Over the past few years, the pandemic has continued to shrink an already-tightened driver pool, as many drivers have left the industry during the pandemic and there were far fewer new drivers trained in 2020 due to COVID-19 restrictions. In addition to the pandemic, the driver shortage has been perpetuated by a myriad of factors such as a high average age of drivers, lack of gender diversity, a federally mandated minimum age of 21 to drive commercially across stateliness and more. The American Trucking Association (ATA) estimates that the driver shortage capped at 80,000 drivers in 2021 and that at current trends, the shortage could surpass 160,000 in 2030. As such bottlenecks within the supply chain industry are felt by consumers, more attention is being turned towards mitigating the shortage.
The White House Announces “Trucking Action Plan”
At a White House-sponsored event on April 4, President Biden, along with the Labor and Transportation Secretaries, touted their “Trucking Action Plan” to strengthen America’s Trucking Workforce, with one of its key goals being to add drivers through company and industry-sponsored driver apprenticeship training programs. American Trucking Association (ATA) CEO and President, Chris Spear, cited the need for an additional 80,000 commercial truck drivers to meet the U.S. economy’s ever-growing needs.
Retailers Implement Training Programs and Wage Increases
As the nation’s largest retailer, Walmart needs 12,000 drivers to keep up with its demand. Walmart recently announced its driver recruiting strategy, which includes increasing the wages for new drivers from $95,000 to $110,000 in their first year, depending on experience. The Walmart Private Fleet Development Program will provide CDL licensing to supply chain professionals who complete a 12-week training course.

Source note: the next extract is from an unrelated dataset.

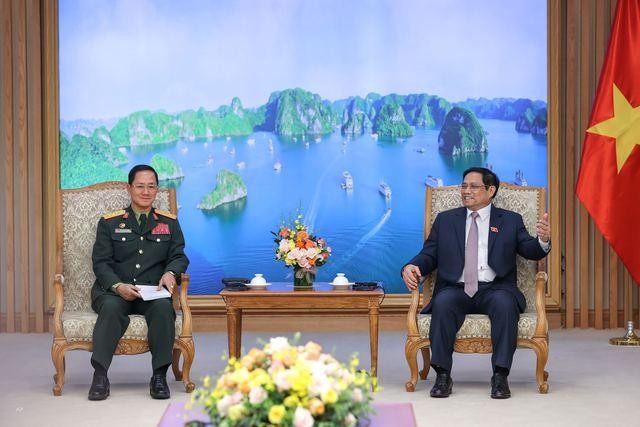 Thủ tướng Phạm Minh Chính tiếp Trung tướng Khamlieng Outhakaysone, Thứ trưởng Bộ Quốc phòng, Tổng Tham mưu trưởng QĐND Lào - Ảnh: VGP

Tom’s Take: “Similar to the warehouse worker shortages and high turnover rates across the U.S., there is a need to recruit new drivers to keep the economy running on all cylinders, as ~72 percent of all goods in the U.S. are transported by the trucking industry. Increased pay, benefits and scheduling improvements are three key areas that can help address driver recruiting and retention issues.”
Unionization Vote Update
In my inaugural edition of Tom’s Takes, I mentioned an increase in unionization interest and the union votes at two Amazon fulfillment centers with an apparent win and a loss for each side.
In Bessemer, AL, the facility completed its second vote in March and has again voted not to be represented by the Retail, Wholesale and Department Store Union (RWDSU). The results this time showed a much closer vote with 993 votes against and 875 for the union. There are still over 400 contested ballots to be reviewed, which could still result in a union win and are expected to be resolved in the next several weeks.
In the Staten Island facility, the newly formed Amazon Labor Union (ALU) won with 55 percent of the vote opting to be represented by the ALU. Amazon is contesting the results of the vote with the National Labor Relations Board (NLRB) citing 25 objections to the voting process. Amazon has until April 22, to provide additional evidence supporting the objections to the NLRB.
Tom’s Take: “With this being the first win for union representation in a U.S.-based Amazon fulfillment center, Amazon will surely pursue all legal challenges to ensure the voting was not suppressed nor influenced by the ALU or NLRB at the Staten Island (JFK8) Fulfillment Center. I will continue to follow these two cases and provide additional insight as to how this could affect the broader distribution industry and the headwinds companies face with recruiting, retaining and compensating today’s distribution center workforce.”